Yesterday was an amazing day in my life, a day of beginnings. I took my daughter to the airport to begin the next phase of her life's journey and as our last hug for eleven months came to an end, I felt the magnitude of what God has asked of me. He asked me to release her and trust her to His hands. Then last night, we had the first service of our Faith Promise Missions Conference and Brother Jerry Byars challenged us about faith and finding out what God would have us to do for Missions in the coming year. These two events stirred similar emotions in me.

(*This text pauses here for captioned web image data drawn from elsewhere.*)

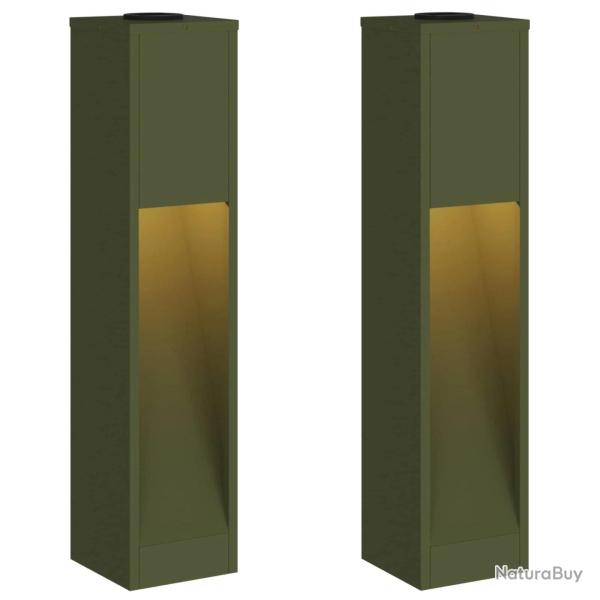 Lot de 2 lampes de chemin solaires modernes autoportantes 18 x 18 x 80 cm en acier vert olive 02_00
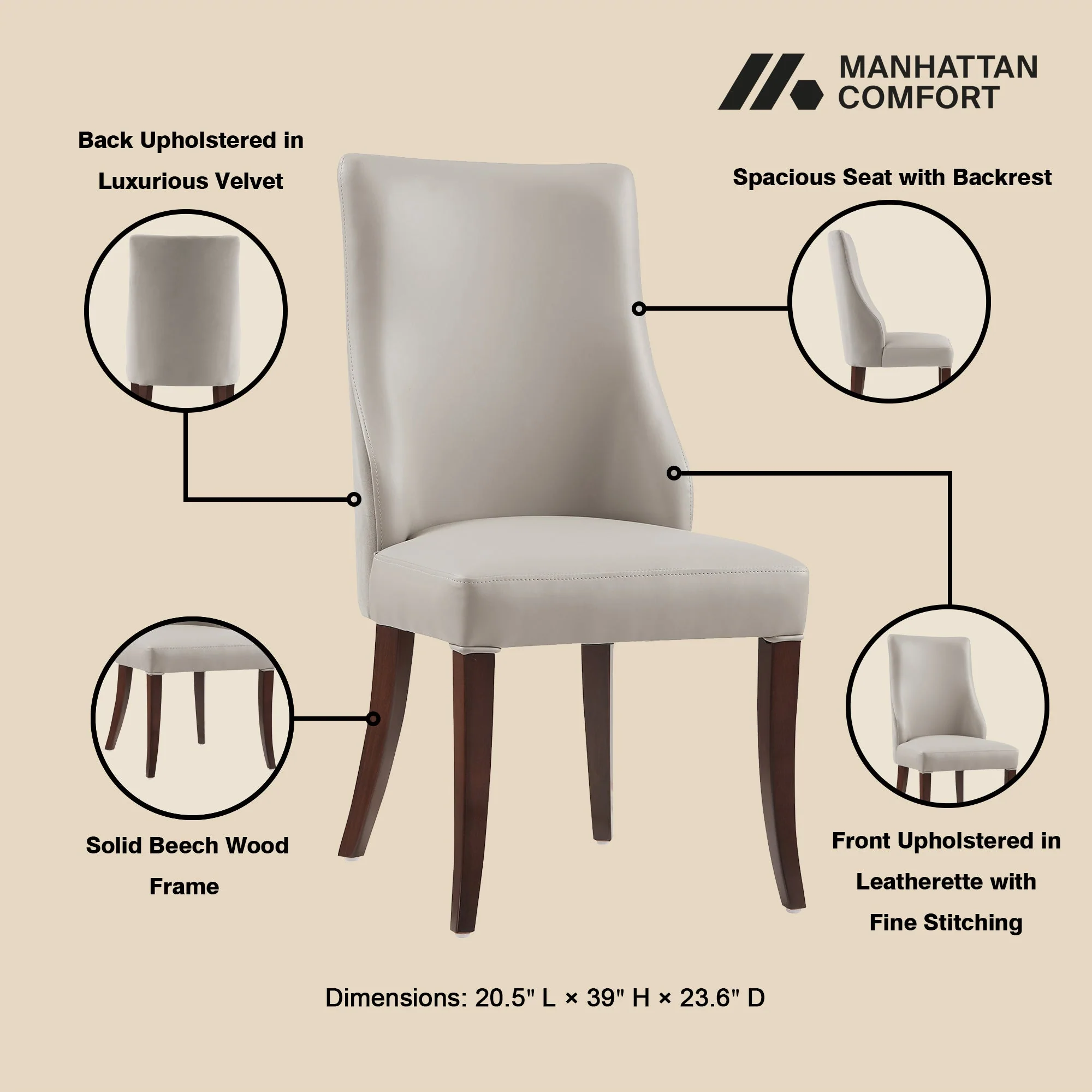 Connie Dining Chair in Light Grey (set of 2) - Image 4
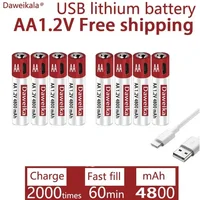 AA fast rechargeable lithium-ion battery, 1.2V battery, 4800mAh, used for remote controls, mice, small fans, electric toys 2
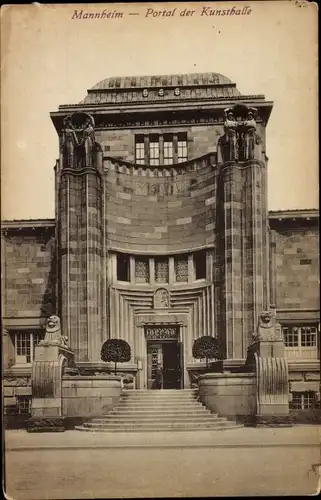 Ak Mannheim in Baden, Portal der Kunsthalle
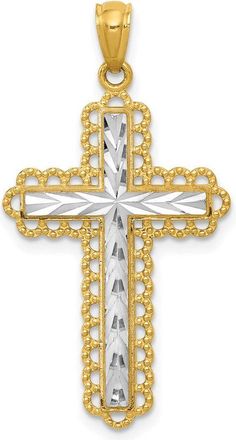 Diamond2Deal 14k Yellow Gold Yellow Gold Rhodium Diamond Cut Cross Pendant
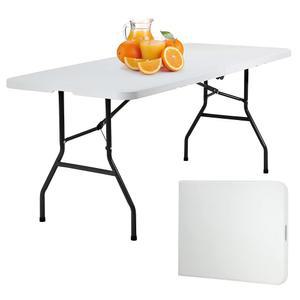 파티용 접이식 테이블 플라스틱 피크닉 휴대용 손잡이가 있는 웨딩 캠핑 사무실(흰색, 6피트)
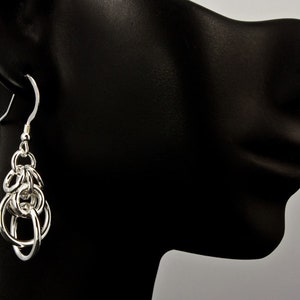 Orbits Chain Maille Earrings .925 Sterling Silver Dangle Designer Made Chainmail Orbits Chain Maille Earrings .925 Sterling Silver Dangle Designer Made Chainmail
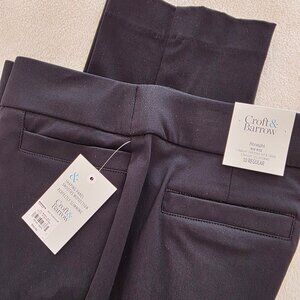 Women's Croft & Barrow Tummy Control Pull-On Pants Mineral Black 10 Regular NWT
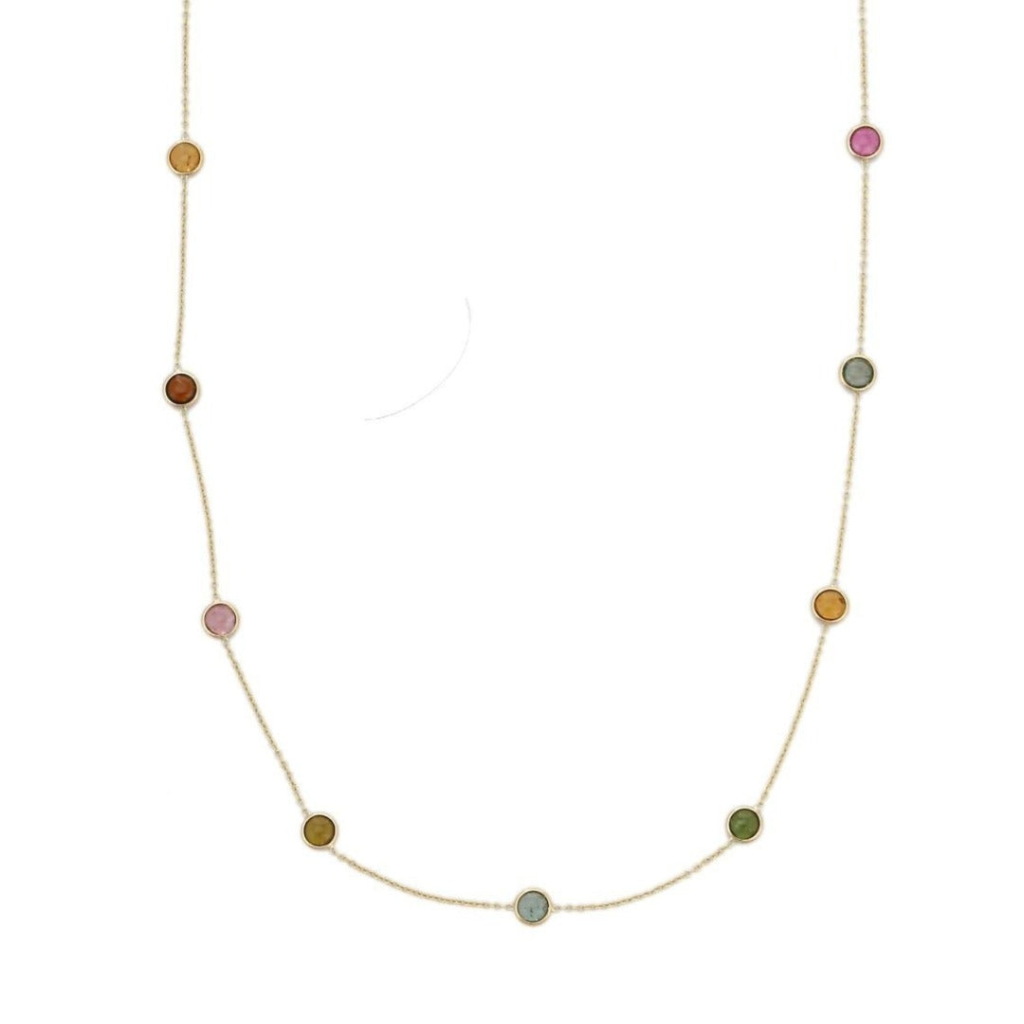 925 Sterling Silver Tourmaline Chain Necklace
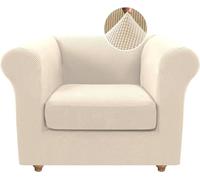 Stretchable Non-Slip Chesterfield Sofa Cover for 1-Seater - Modern Natural Design with Armrests Easy to Clean Durable Protection for Your Sofa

I have had a number of people ask me if I cried all day yesterday. The answer is no. The process of releasing my daughter didn't happen all at once, so yesterday's farewell was not terribly traumatic. I learned from Dr. James Dobson many years ago that I needed to begin to let her go a little at a time as she approached her adolescent years, so that she could learn and grow and so that I would be ready when the time came to let her fly. Shelley and I have encouraged our children to make their own decisions, offering godly counsel, but allowing them to make choices and deal with the consequences. They have not always chosen to follow exactly the same path that I would have chosen for them, but as I look at their lives right now, I can see the hand of God moving them and both of them have learned to listen for His voice and to follow it wherever it leads. God gave me the responsibility to teach them what is right and then release them to His care. The result, in my life and that of my family, is that I am now being blessed by the life and testimony of my children. I am learning from them new ways to worship and serve the Lord with gladness. And by God's grace, I can now count both of my children as joint-heirs, co-laborers, and best of all, friends. What God asked me to give up was control, something that we never really have anyway. What He gave me instead was a relationship that is both fruitful in His service and joyful for me.
When I think about Faith Promise Missions, my mind goes to a similar place. This is not a new thing for me. I have been giving regularly to Faith Promise since I was 12 years old, almost 40 years. And God has never let my giving to His work become a burden. Long ago, He taught me that my life and all that it entails is not my own. It belongs to Him. Just as my children are gifts from God, so everything else in my life ultimately belongs to Him. He asks me to surrender control to Him, and promises that if I do, He will allow what He has given me to germinate and grow into something that will be fruitful in His service and a joyful blessing to my life. As I heard Brother Byars' testimony about Faith Promise last night, the question wasn't, "Will I give?" but "How much will I trust God for?" And since I have already learned to give Him control in my family, it's not too hard to surrender control over my finances as well.
I challenge you to be a part of Faith Promise Missions giving. It will change your life when you decide to trust God with all that you are and all that you have. Then you can just sit back and see what God is going to do with what you have given Him.